Es ist der Ton, der Richard Fords Bascombe-Bücher so eindringlich und einmalig macht: Eine Mischung aus scheinbar handlungslosem Beschreiben trister Stadtlandschaft, den einfachen Leuten mit ihren einfachen Vorstellungen (hinter denen aber immer ein „Mehr“ schimmert, etwas Komplexes oder Wahrhaftiges). Und dieser Ton, so ausufernd erzählend und ich-bezogen und dabei zweifelnd und gelegentlich verzweifelnd – an seinem Land und sich selbst.
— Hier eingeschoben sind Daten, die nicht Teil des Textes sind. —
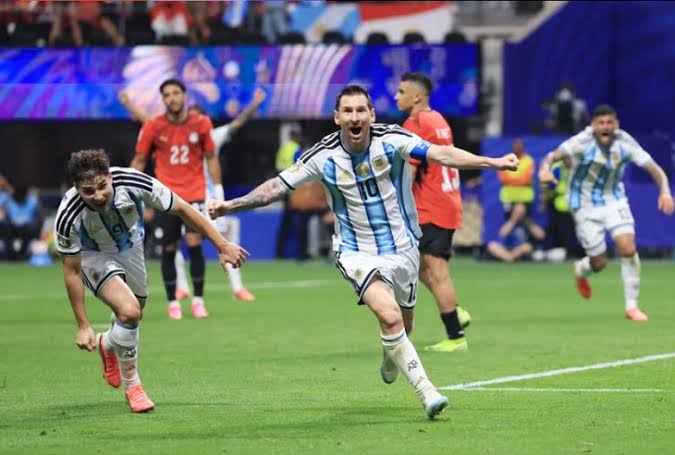 Messi tỏa sáng rực rỡ, đưa Argentina 'từ cõi chết trở về' - Tuổi Trẻ Online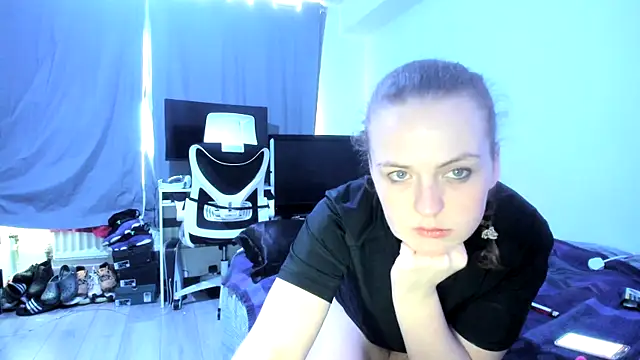 ENGLISHEMILY 69 online show from 01-22-25, 01:42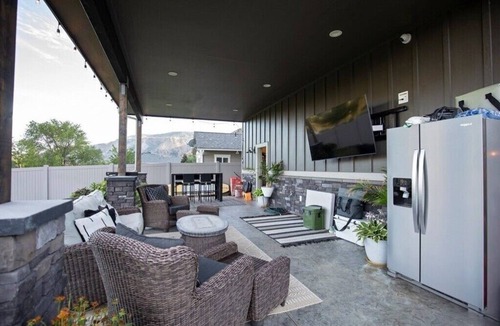 Orondo House | Charming 2-bedroom shop house on the beautiful Columbia River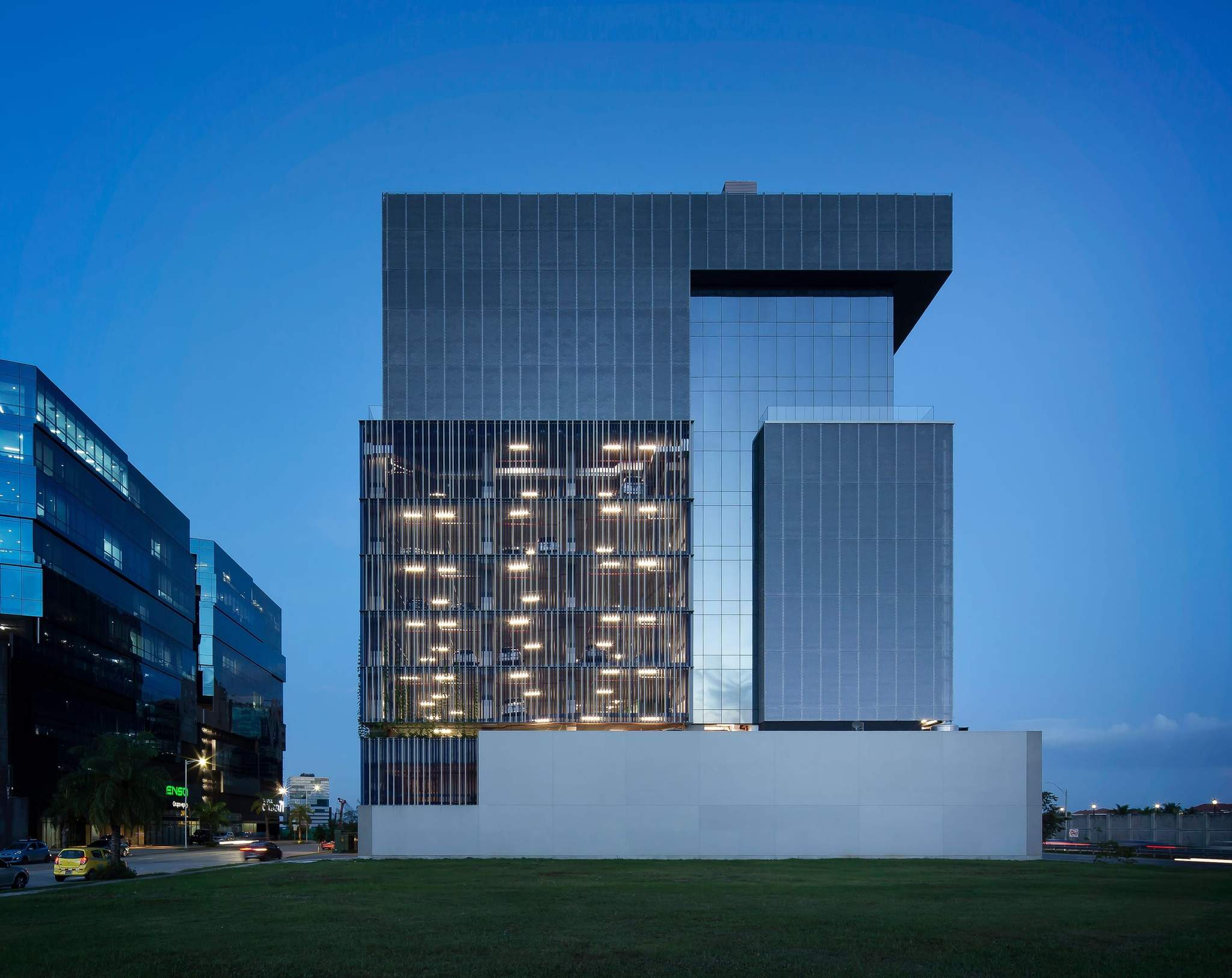 Global Bank HQ - Imagen 4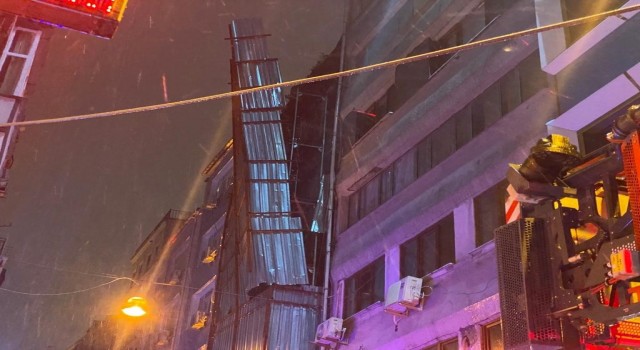Beyoğlunda şiddetli rüzgar nedeniyle çelik saclarla kaplı olan dış cephe yerinden koptu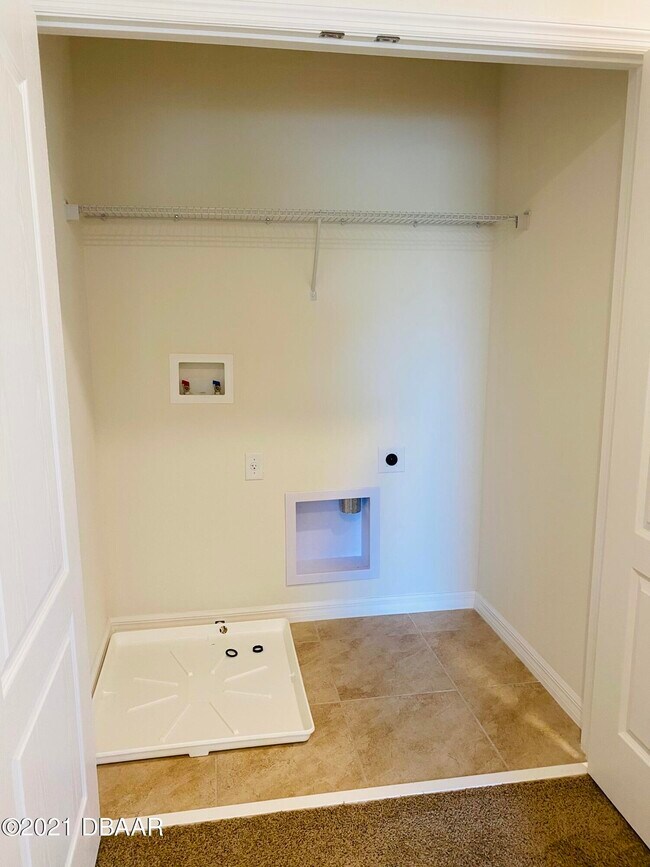 Building Photo - 8 Bella Oaks Dr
Getroffen von Momenten der Vergänglichkeit und dem Wunsch mehr zu lieben, mehr zu begreifen und mehr richtig machen zu können.

Unabhängigkeitstag ist für mich ein verwirrendes Spiel mit der Zeit. Dazu die sanfte Melancholie, die Frank umtreibt, der Versuch, Erkenntnisse aus all dem Erzählen zu gewinnen oder das Leben fest zu halten. Sicher eines der 10 Bücher für die berühmte Insel.